┏━━
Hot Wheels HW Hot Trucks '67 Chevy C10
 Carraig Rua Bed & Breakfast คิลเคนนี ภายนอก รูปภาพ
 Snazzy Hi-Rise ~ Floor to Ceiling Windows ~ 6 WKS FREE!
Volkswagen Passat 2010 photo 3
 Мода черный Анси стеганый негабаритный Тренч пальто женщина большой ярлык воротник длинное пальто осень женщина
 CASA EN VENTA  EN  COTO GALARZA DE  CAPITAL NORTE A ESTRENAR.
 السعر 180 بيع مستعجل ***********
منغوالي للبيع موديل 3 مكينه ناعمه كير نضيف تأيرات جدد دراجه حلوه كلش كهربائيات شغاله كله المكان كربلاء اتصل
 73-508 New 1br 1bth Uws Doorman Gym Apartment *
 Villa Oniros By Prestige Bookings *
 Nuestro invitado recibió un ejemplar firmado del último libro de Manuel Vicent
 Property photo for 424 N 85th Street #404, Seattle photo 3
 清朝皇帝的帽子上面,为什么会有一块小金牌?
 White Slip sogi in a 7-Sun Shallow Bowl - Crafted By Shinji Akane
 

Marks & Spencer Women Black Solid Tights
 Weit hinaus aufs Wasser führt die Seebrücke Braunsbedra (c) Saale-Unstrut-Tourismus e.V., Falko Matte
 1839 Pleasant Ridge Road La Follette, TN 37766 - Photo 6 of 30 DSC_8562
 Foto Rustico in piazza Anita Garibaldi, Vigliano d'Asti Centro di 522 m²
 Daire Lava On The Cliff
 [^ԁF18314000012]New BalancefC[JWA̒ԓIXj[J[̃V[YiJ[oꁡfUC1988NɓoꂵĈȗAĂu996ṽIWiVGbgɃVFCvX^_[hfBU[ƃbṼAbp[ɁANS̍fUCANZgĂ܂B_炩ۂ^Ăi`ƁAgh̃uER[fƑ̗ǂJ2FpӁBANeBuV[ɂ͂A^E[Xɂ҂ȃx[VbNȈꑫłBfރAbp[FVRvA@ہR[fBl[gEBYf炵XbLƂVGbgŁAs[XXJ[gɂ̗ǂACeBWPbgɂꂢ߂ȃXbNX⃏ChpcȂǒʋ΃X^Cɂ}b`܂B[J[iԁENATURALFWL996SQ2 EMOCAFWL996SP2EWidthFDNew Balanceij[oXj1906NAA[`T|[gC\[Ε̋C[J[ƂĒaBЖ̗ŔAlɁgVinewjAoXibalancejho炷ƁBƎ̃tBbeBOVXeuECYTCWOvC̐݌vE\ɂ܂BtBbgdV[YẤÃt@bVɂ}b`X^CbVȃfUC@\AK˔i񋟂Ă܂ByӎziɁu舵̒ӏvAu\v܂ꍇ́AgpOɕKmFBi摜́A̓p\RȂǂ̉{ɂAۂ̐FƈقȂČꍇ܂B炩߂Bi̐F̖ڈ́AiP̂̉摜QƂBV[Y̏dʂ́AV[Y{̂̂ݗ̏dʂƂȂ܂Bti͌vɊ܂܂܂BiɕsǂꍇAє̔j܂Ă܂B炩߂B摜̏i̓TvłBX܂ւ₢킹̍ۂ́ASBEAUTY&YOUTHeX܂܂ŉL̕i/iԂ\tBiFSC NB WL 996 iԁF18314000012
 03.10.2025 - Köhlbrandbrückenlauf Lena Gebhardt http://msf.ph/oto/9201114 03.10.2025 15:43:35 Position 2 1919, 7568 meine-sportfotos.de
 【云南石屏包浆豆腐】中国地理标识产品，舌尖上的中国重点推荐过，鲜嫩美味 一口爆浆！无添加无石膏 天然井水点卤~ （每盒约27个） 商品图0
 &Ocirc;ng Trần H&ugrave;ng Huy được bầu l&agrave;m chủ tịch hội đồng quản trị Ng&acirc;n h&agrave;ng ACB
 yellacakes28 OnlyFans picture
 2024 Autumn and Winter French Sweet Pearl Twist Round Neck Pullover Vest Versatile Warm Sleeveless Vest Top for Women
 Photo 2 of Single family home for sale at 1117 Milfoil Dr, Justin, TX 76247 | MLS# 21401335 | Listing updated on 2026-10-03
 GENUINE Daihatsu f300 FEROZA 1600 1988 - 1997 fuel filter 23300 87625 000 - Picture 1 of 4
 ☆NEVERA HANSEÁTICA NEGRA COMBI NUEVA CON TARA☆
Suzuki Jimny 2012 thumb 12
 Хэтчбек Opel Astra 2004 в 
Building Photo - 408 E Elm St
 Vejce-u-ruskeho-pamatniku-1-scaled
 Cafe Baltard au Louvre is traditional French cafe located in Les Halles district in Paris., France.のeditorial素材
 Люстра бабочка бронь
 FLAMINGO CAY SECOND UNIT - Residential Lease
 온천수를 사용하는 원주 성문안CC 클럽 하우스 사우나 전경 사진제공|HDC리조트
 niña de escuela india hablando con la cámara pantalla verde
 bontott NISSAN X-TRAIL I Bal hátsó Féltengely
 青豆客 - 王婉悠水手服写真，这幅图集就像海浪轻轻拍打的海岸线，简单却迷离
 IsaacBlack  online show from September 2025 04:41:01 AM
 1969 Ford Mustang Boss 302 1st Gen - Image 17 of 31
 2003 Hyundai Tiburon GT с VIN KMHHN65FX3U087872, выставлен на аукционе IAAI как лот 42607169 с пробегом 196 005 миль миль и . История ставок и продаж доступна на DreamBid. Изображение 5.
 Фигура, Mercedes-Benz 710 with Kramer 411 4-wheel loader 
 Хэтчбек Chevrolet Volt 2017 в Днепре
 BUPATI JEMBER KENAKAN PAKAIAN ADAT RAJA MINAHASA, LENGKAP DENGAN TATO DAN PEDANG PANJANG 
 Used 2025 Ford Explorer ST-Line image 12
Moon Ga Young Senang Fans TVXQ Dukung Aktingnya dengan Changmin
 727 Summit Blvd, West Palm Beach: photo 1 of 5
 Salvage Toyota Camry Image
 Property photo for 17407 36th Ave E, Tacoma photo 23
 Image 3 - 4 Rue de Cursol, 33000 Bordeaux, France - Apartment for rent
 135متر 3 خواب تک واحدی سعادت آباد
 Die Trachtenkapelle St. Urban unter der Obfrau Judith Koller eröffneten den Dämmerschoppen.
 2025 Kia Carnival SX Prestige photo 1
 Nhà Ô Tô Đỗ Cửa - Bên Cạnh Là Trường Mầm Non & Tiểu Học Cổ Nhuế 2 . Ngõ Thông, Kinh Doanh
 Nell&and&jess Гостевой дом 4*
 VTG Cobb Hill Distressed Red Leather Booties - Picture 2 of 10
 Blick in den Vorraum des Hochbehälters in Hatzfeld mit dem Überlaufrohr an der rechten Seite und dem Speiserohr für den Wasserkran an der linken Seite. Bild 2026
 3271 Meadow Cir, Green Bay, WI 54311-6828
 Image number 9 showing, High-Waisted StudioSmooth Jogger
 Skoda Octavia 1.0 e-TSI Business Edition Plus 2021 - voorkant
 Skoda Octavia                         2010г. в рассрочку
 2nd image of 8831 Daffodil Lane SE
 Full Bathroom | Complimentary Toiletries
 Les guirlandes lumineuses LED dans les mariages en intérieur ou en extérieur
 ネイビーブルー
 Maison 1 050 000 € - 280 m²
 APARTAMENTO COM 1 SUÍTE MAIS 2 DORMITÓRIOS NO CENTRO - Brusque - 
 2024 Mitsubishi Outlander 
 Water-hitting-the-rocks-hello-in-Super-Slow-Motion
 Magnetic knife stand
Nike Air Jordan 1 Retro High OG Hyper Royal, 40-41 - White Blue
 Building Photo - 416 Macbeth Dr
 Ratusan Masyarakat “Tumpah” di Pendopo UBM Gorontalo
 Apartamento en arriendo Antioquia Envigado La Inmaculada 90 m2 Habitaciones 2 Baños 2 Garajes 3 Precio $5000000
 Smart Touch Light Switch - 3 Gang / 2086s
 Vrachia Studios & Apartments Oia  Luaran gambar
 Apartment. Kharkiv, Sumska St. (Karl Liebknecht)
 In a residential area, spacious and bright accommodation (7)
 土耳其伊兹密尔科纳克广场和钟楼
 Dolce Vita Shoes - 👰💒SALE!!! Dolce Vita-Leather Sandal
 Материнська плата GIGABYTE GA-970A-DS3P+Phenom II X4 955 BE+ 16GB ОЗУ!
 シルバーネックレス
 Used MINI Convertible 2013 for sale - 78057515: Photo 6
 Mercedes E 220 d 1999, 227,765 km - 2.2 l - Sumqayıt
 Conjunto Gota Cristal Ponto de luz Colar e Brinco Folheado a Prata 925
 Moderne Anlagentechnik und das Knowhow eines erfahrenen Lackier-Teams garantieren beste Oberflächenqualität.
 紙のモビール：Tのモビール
┗━━
- **EXERCISE DIRECTIONS**:
Where the line with "WL 996 iԁF18314000012" ends, your copy should end too; please return exactly the lines from the first line of the data through it.

- **EXERCISE RESPONSE**:
Hot Wheels HW Hot Trucks '67 Chevy C10
 Carraig Rua Bed & Breakfast คิลเคนนี ภายนอก รูปภาพ
 Snazzy Hi-Rise ~ Floor to Ceiling Windows ~ 6 WKS FREE!
Volkswagen Passat 2010 photo 3
 Мода черный Анси стеганый негабаритный Тренч пальто женщина большой ярлык воротник длинное пальто осень женщина
 CASA EN VENTA  EN  COTO GALARZA DE  CAPITAL NORTE A ESTRENAR.
 السعر 180 بيع مستعجل ***********
منغوالي للبيع موديل 3 مكينه ناعمه كير نضيف تأيرات جدد دراجه حلوه كلش كهربائيات شغاله كله المكان كربلاء اتصل
 73-508 New 1br 1bth Uws Doorman Gym Apartment *
 Villa Oniros By Prestige Bookings *
 Nuestro invitado recibió un ejemplar firmado del último libro de Manuel Vicent
 Property photo for 424 N 85th Street #404, Seattle photo 3
 清朝皇帝的帽子上面,为什么会有一块小金牌?
 White Slip sogi in a 7-Sun Shallow Bowl - Crafted By Shinji Akane
 

Marks & Spencer Women Black Solid Tights
 Weit hinaus aufs Wasser führt die Seebrücke Braunsbedra (c) Saale-Unstrut-Tourismus e.V., Falko Matte
 1839 Pleasant Ridge Road La Follette, TN 37766 - Photo 6 of 30 DSC_8562
 Foto Rustico in piazza Anita Garibaldi, Vigliano d'Asti Centro di 522 m²
 Daire Lava On The Cliff
 [^ԁF18314000012]New BalancefC[JWA̒ԓIXj[J[̃V[YiJ[oꁡfUC1988NɓoꂵĈȗAĂu996ṽIWiVGbgɃVFCvX^_[hfBU[ƃbṼAbp[ɁANS̍fUCANZgĂ܂B_炩ۂ^Ăi`ƁAgh̃uER[fƑ̗ǂJ2FpӁBANeBuV[ɂ͂A^E[Xɂ҂ȃx[VbNȈꑫłBfރAbp[FVRvA@ہR[fBl[gEBYf炵XbLƂVGbgŁAs[XXJ[gɂ̗ǂACeBWPbgɂꂢ߂ȃXbNX⃏ChpcȂǒʋ΃X^Cɂ}b`܂B[J[iԁENATURALFWL996SQ2 EMOCAFWL996SP2EWidthFDNew Balanceij[oXj1906NAA[`T|[gC\[Ε̋C[J[ƂĒaBЖ̗ŔAlɁgVinewjAoXibalancejho炷ƁBƎ̃tBbeBOVXeuECYTCWOvC̐݌vE\ɂ܂BtBbgdV[YẤÃt@bVɂ}b`X^CbVȃfUC@\AK˔i񋟂Ă܂ByӎziɁu舵̒ӏvAu\v܂ꍇ́AgpOɕKmFBi摜́A̓p\RȂǂ̉{ɂAۂ̐FƈقȂČꍇ܂B炩߂Bi̐F̖ڈ́AiP̂̉摜QƂBV[Y̏dʂ́AV[Y{̂̂ݗ̏dʂƂȂ܂Bti͌vɊ܂܂܂BiɕsǂꍇAє̔j܂Ă܂B炩߂B摜̏i̓TvłBX܂ւ₢킹̍ۂ́ASBEAUTY&YOUTHeX܂܂ŉL̕i/iԂ\tBiFSC NB WL 996 iԁF18314000012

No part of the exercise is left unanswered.